8. EXPLICIT AND TACIT KNOWLEDGE:EXPLICIT:This type of knowledge is formalized and codified, and is sometimes referred to as know-what .It is therefore fairly easy to identify, store, and retrieve. This is the type of knowledge most easily handled by KMS, which are very effective at facilitating the storage, retrieval, and modification of documents and texts.

From a managerial perspective, the greatest challenge with explicit knowledge is similar to information. It involves ensuring that people have access to what they need; that important knowledge is stored; and that the knowledge is reviewed, updated, or discarded.

Cont..
TACIT :- It is sometimes referred to as know-how and refers to intuitive,
hard to define knowledge that is largely experience based. Because of this, tacit knowledge is often context dependent and personal in nature. It is hard to communicate and deeply rooted in action, commitment, and involvement. Tacit knowledge is also regarded as being the most valuable source of knowledge, and the most likely to lead to breakthroughs in the organization.. It is used to create explicit knowledge and is best communicated personally through dialogues and scenarios, with use of metaphors. Therefore, knowledge is not private but social.

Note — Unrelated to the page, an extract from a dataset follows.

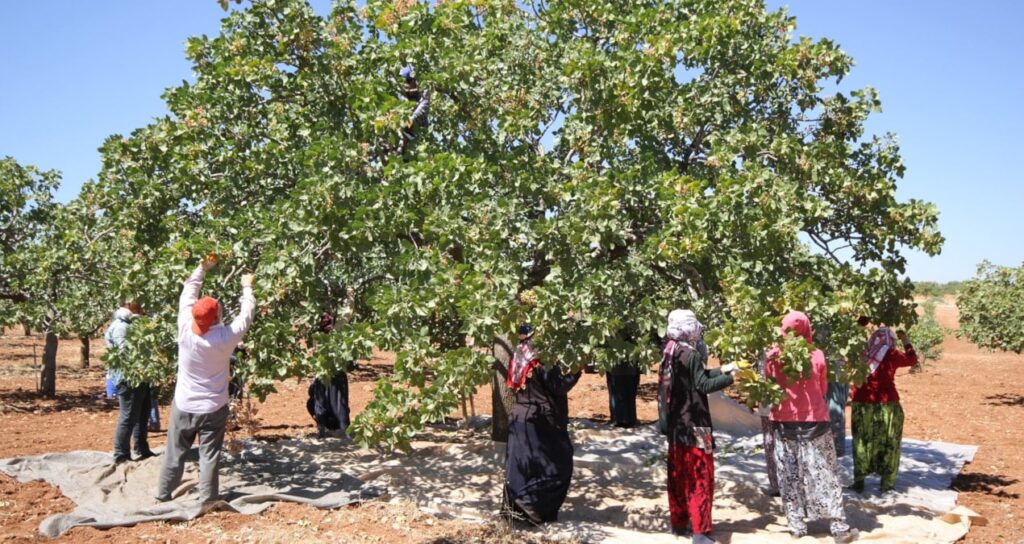 hasat 1 ay erken basladi mahsul dallardan tasti fduDSB8F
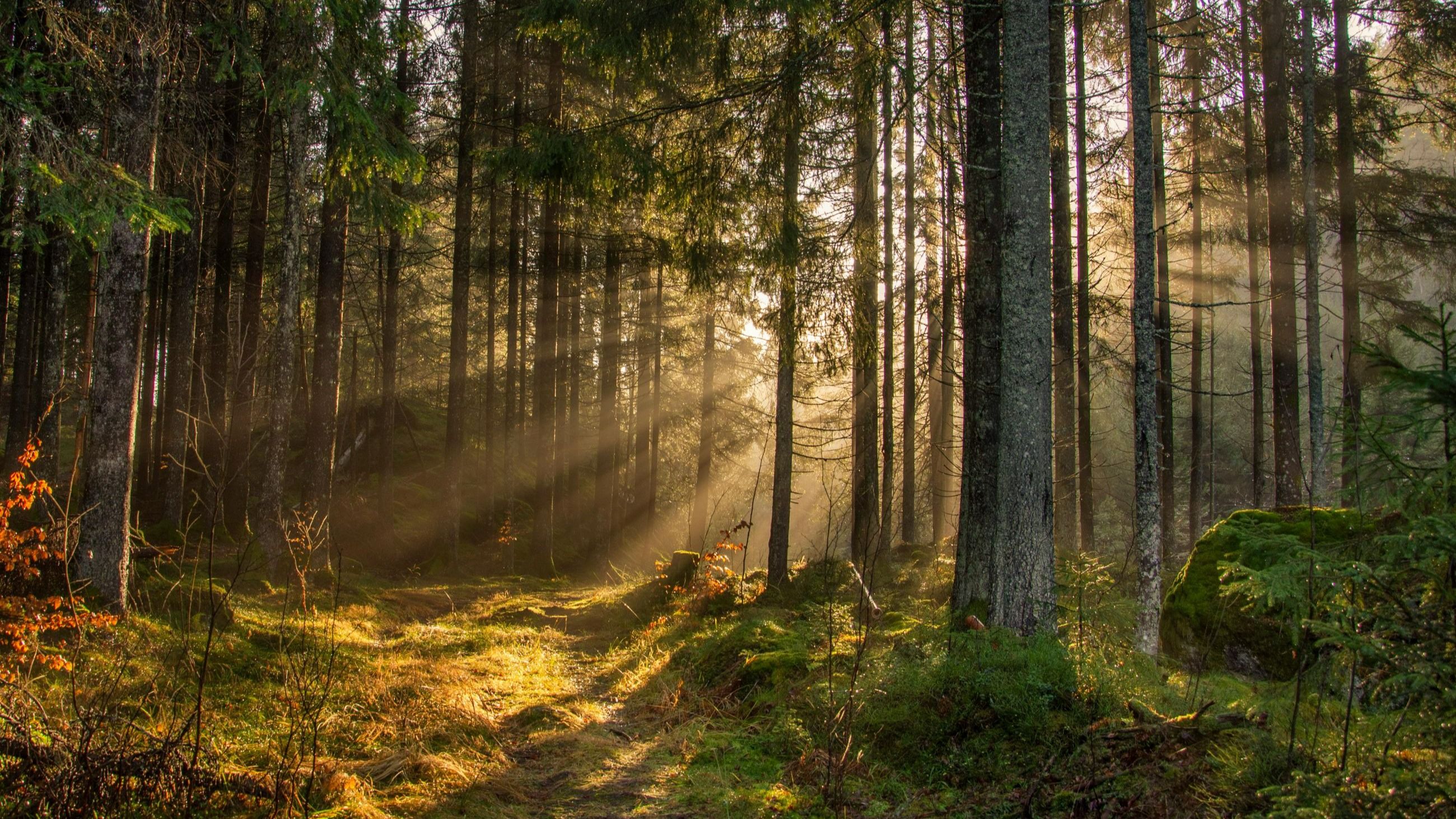 Apple Watch Series 11 - Courtesy Press Office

Socially relayed knowledge becomes part of the real-life experience of the knower.

9. SOCIAL KNOWLEDGE
We can define social knowledge as "a result of the connections between the individual members of society, resident in no single one of them, but rather a property of the society working as a whole". They point out that social knowledge is "not merely the aggregation and averaging of individual knowledge" noting such an aggregation is unlikely. The road to knowledge is via people, conversations, connections and relationships. Knowledge surfaces through dialog, all knowledge is socially mediated and access to knowledge is by connecting to people that know or know who to contact. The social Knowledge website considers themselves a collection of peer community networks. They foster online communities so that people with similar interests can connect to harness the distributed expertise of the members. they state "The participants collaborate and manage their community while constantly providing feedback that is used to shape and extend the features of each Social Knowledge Network.

10. EMBEDDED KNOWLEDGE:Embedded knowledge refers to the knowledge that is locked in processes, products, culture, routines, artifacts, or structures. Knowledge is embedded either formally, such as through a management initiative to formalize a certain beneficial routine, or informally as the organization uses and applies the other two knowledge types. Culture and routines can be both difficult to understand and hard to change. Formalized routines on the other hand may be easier to implement and management can actively try to embed the fruits of lessons learned directly into procedures, routines, and products. It is important to note, that while embedded knowledge can exist in explicit sources (i.e. a rule can be written in a manual), the knowledge itself is not explicit, i.e. it is not immediately apparent why doing something this way is beneficial to the organization.